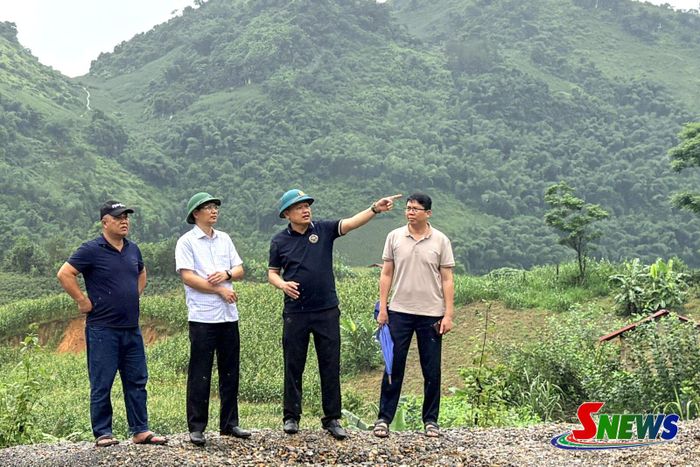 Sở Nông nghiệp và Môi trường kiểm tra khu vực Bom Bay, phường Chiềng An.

---

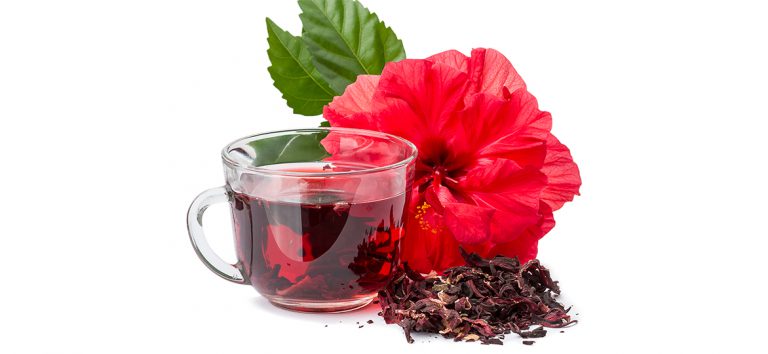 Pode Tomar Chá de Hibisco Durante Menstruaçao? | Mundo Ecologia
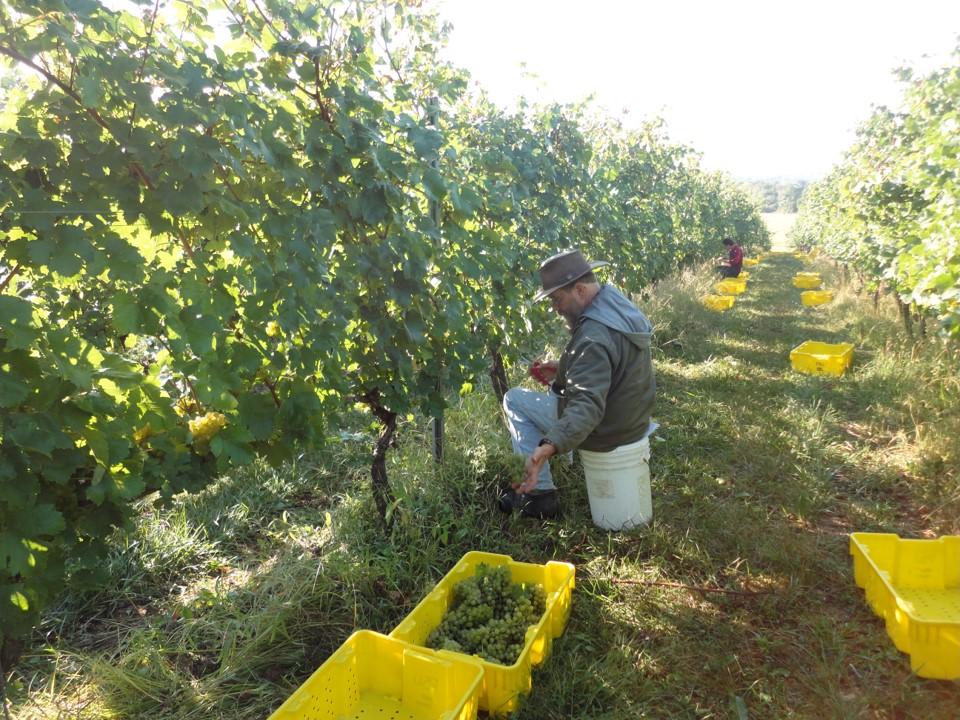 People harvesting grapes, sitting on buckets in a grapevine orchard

* [TASK TO CARRY OUT]
Extract the part of the records that opens with the line containing "Pode Tomar Chá" and closes with the line containing "People harvesting grapes, sitting". Take only those lines, exactly, and no pictures.

* [RESULT FOR THIS TASK]
 Pode Tomar Chá de Hibisco Durante Menstruaçao? | Mundo Ecologia
 People harvesting grapes, sitting on buckets in a grapevine orchard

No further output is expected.